→ EXERCISE REQUIREMENTS
Pictures stay out of the copy. Retype exactly, and only, the lines from the one containing "Тормозной диск TRW DF4117" through the end of the listing below.

→ RAW DATA
------------------------------------
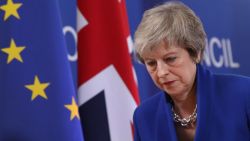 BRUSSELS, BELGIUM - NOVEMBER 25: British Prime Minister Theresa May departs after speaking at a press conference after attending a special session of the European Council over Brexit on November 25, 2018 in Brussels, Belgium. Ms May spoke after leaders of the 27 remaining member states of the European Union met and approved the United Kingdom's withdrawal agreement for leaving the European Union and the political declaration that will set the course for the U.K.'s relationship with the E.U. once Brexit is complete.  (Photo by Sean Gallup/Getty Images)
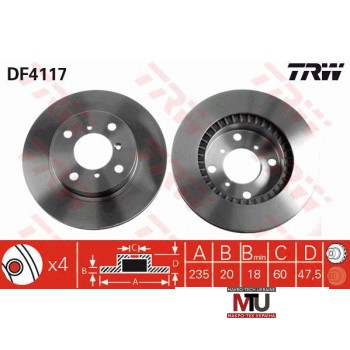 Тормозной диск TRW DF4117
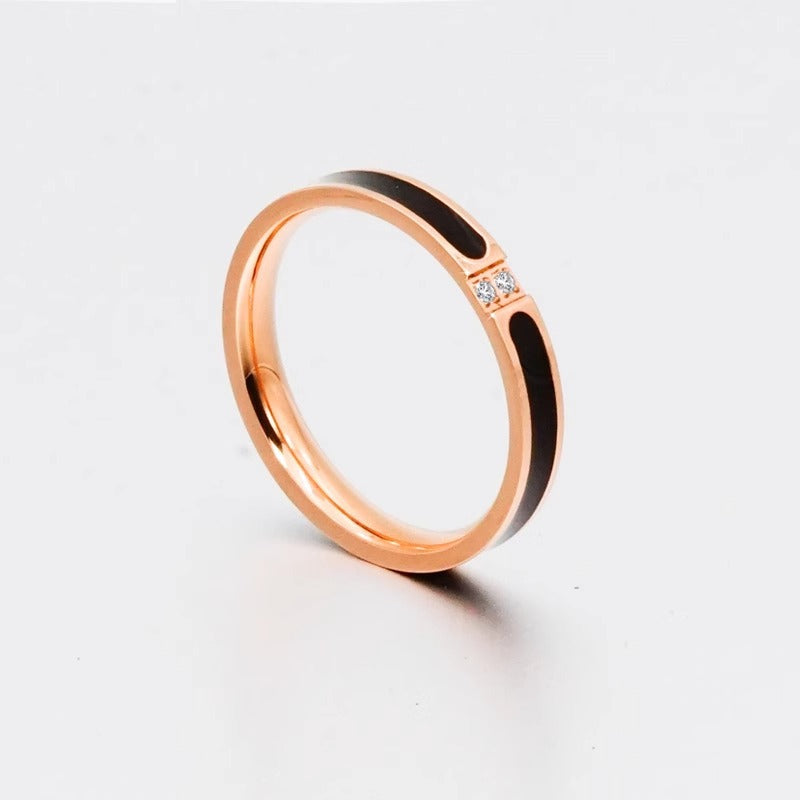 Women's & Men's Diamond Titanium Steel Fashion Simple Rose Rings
------------------------------------
→ ANSWER BELOW
 Тормозной диск TRW DF4117
 Women's & Men's Diamond Titanium Steel Fashion Simple Rose Rings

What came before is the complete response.